まず、この手のパニック大作にはビッグBが墜落した仮想シーンを映像化して、観客に恐怖心を植え付ける事が基本だ。本作ではビッグBが墜落した事による放射能汚染が地図上で説明して終わってしまったが、実際にビッグBが墜落して爆発する最悪のパターンを映像で描く事が必要に感じた。
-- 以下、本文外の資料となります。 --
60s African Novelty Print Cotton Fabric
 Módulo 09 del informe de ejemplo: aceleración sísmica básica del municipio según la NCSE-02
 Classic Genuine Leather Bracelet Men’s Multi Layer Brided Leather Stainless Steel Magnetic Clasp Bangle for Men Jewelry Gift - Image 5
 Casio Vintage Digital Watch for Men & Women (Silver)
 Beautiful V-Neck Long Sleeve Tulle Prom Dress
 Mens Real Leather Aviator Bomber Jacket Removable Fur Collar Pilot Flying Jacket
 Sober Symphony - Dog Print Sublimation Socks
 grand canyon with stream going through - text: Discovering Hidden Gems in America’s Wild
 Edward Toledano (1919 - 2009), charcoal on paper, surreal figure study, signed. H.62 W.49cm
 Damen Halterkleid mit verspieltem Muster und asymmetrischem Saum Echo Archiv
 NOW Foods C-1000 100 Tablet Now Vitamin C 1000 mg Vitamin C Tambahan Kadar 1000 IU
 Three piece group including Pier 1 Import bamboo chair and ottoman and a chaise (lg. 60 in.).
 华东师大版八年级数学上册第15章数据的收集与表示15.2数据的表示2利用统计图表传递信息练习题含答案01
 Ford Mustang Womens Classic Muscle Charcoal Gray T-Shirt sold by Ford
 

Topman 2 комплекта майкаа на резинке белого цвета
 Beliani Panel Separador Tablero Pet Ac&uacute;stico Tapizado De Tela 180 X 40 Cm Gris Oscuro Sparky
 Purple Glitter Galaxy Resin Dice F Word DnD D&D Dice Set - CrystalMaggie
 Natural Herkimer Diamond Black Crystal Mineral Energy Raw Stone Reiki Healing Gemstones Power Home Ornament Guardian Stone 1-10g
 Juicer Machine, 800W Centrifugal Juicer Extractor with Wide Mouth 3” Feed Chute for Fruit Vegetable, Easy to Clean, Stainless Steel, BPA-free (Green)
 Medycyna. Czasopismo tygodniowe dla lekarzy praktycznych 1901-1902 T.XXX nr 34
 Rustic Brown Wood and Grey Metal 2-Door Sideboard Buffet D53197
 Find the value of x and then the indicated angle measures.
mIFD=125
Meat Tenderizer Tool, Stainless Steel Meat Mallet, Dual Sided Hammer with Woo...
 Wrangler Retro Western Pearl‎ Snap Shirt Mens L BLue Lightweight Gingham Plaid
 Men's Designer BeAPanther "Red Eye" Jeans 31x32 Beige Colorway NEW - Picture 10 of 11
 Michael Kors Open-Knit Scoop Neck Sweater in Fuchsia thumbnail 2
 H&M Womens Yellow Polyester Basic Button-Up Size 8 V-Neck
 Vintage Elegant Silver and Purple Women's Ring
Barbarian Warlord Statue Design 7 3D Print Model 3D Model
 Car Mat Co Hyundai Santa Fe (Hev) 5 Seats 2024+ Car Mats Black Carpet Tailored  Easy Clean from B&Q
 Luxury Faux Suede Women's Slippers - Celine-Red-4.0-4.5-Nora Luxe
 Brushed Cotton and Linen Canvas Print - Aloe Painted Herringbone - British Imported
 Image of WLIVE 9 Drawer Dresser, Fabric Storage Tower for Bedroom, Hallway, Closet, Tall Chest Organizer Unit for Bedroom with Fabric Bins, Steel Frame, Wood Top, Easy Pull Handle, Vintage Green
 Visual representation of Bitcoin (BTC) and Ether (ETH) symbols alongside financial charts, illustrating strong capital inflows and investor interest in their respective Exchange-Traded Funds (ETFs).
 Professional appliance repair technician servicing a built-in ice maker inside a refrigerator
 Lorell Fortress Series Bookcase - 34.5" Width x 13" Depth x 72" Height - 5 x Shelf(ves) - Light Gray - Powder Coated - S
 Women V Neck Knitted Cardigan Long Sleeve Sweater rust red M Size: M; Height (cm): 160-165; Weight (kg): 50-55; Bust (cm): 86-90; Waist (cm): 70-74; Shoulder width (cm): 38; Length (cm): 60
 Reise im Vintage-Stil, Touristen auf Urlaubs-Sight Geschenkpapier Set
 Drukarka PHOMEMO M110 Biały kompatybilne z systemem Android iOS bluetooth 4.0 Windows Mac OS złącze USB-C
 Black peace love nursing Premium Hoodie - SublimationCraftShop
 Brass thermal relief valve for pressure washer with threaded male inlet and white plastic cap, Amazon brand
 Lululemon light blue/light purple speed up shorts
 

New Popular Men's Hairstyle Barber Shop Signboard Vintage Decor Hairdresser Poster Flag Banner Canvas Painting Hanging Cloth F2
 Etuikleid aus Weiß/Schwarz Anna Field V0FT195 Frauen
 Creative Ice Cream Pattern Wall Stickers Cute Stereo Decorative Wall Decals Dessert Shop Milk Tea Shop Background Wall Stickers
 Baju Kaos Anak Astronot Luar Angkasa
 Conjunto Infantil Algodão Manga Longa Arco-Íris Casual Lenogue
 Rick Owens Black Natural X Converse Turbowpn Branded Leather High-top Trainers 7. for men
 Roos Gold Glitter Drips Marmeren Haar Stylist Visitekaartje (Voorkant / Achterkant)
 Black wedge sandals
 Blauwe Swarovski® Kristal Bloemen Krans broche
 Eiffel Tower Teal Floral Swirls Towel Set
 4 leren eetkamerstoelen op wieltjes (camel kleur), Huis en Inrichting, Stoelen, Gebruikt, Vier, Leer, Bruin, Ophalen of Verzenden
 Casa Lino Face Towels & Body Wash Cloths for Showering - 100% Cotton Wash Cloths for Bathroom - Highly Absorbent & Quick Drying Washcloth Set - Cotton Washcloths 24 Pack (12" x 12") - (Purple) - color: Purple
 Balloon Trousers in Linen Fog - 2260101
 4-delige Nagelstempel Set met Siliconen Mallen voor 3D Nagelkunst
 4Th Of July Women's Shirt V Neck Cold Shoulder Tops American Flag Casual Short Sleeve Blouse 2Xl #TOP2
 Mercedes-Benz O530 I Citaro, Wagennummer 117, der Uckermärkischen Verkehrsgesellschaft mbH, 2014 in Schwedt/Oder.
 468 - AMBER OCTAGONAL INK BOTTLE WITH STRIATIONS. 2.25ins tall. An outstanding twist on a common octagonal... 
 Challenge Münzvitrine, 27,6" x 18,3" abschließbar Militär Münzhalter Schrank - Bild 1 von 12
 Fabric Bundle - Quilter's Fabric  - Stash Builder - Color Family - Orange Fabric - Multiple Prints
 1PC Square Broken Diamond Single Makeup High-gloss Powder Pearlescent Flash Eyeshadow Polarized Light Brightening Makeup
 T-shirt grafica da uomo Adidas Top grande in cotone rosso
 そのお手本となる作品が75年東映製作「新幹線大爆破だ。爆弾の威力を観客に見せつける為に、冒頭で本物の機関車を爆破脱線させて、その後はミニチュアを使ったイメージショットで複数回、新幹線が爆発するシーンをインサートさせた。この手のハッタリめいた映像が効果絶大で作品のテンションを引き上げたが、現代の映画監督は器が小さすぎて、ハッタリ演出が出来ない事が歯がゆい。唯一、ビッグBの墜落を三島の脳内世界で表現したシーンは評価する。他にも物語中盤で犯人死亡、最終的に責任者の辞表など「新幹線大爆破」との類似点も多く感じられた。

 テロ犯を追いつめるドラマと並行して描かれる家族のドラマはちょっと深い。物語冒頭、ビッグBと共に空高く舞い上がる息子を抱きとめる事が出来なかった湯原は、自衛隊の力を借りて再び息子を抱きしめる事が出来たが、三島はいじめが原因で飛び降り自殺をする息子を自分の手で受け止められなかった。その後の人生の明暗を暗示する様な二人の主人公を対比して、コインの裏表の様な関係に設定した所は上手い。三島の息子が苛められる回想シーンが有ればさらに物語に深みが出たかもしれない。

 それから役者のキャスティングと演技も難を感じた。まず湯原役の江口洋介は全体的に良いのだが、息子の救出をテレビ中継で見るシーンが下手過ぎてダメだ。それから佐藤二朗は物語から浮きまくりミスキャストに感じた。一番駄目なのが竹中直人だ。警察庁長官と言う大事な役を故・丹波哲郎のモノマネを確信犯的に演じていて怒りを感じた。その点、犯人役の綾野剛、粘着系刑事の手塚とおるは上手い。この辺は旬の俳優と過去の俳優の落差だろう。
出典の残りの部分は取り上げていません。